Sources of antibodies against chitinases, Ariel antigens, ADH1, ARF, and varepsilon -COP. E. histolytica and E. invadens chitinases each have a series of degenerative repeats, which are hydrophilic and acidic, between signal peptides and catalytic domains (14). Because the chitinase repeats differ from each other, two sets of rabbit polyclonal, monospecific anti-chitinase antibodies were prepared (Table 2) (24). The first antibodies were against a multiantigenic peptide (MAP) containing E. histolytica chitinase repeats (HESSEIKPDSSESKHESSEK). The second antibodies were against a MAP containing E. invadens chitinase repeats (PKPEESSEQPKPEESSEEKK). Rabbit antibodies were purified on affinity columns containing each chitinase MAP and checked against Western blots of amebic proteins.

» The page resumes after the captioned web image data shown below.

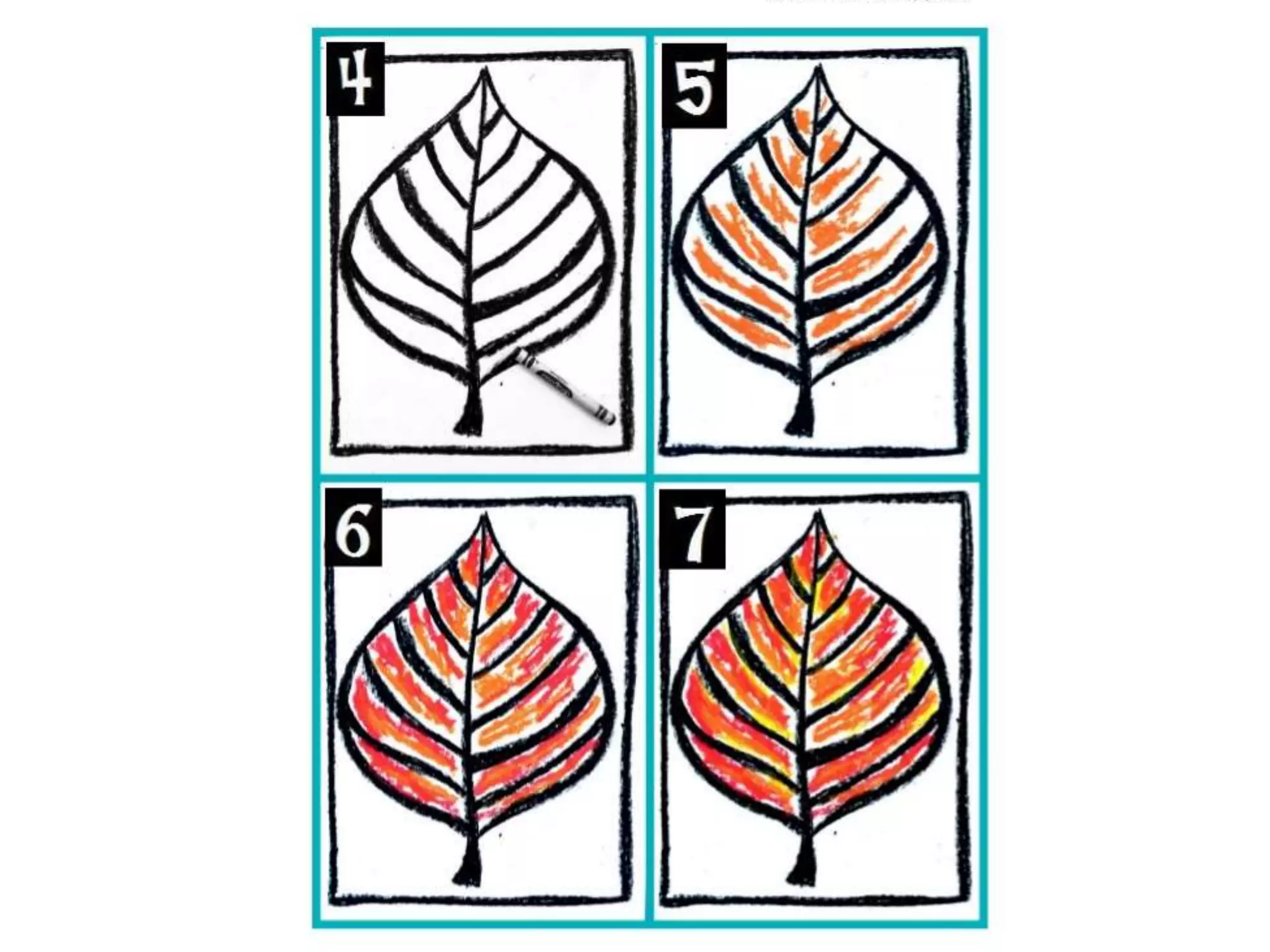 Warm and cool color leaves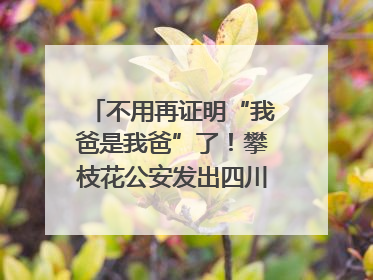 不用再证明“我爸是我爸”了！攀枝花公安发出四川首张“户籍人口直系亲属关系谱”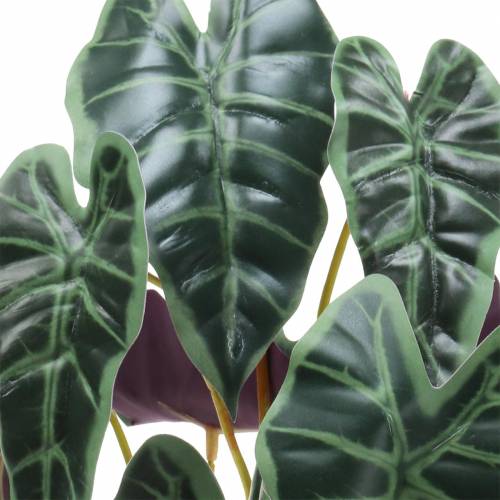 gjenstander Alocasia pil bladgrønn, fiolett kunstplante H48cm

Anti-Ariel antibodies were made by immunizing a rabbit with a glutathione S-transferase (GST) fusion protein containing octapeptide repeats from the Ariel 1 protein, an E. histolytica surface protein (40, 65). Anti-alcohol dehydrogenase 1 (ADH1) antibodies were made by immunizing a rabbit with a GST-ADH1 fusion protein (31, 41). Anti-Ariel and anti-ADH1 antibodies were affinity purified on columns made of each fusion protein. Mouse ID9 monoclonal antibodies to ARF, a Golgi-associated coatomer protein, and polyclonal rabbit antibodies to varepsilon -COP were a generous gift of Victor Hsu of the Brigham and Women's Hospital (4).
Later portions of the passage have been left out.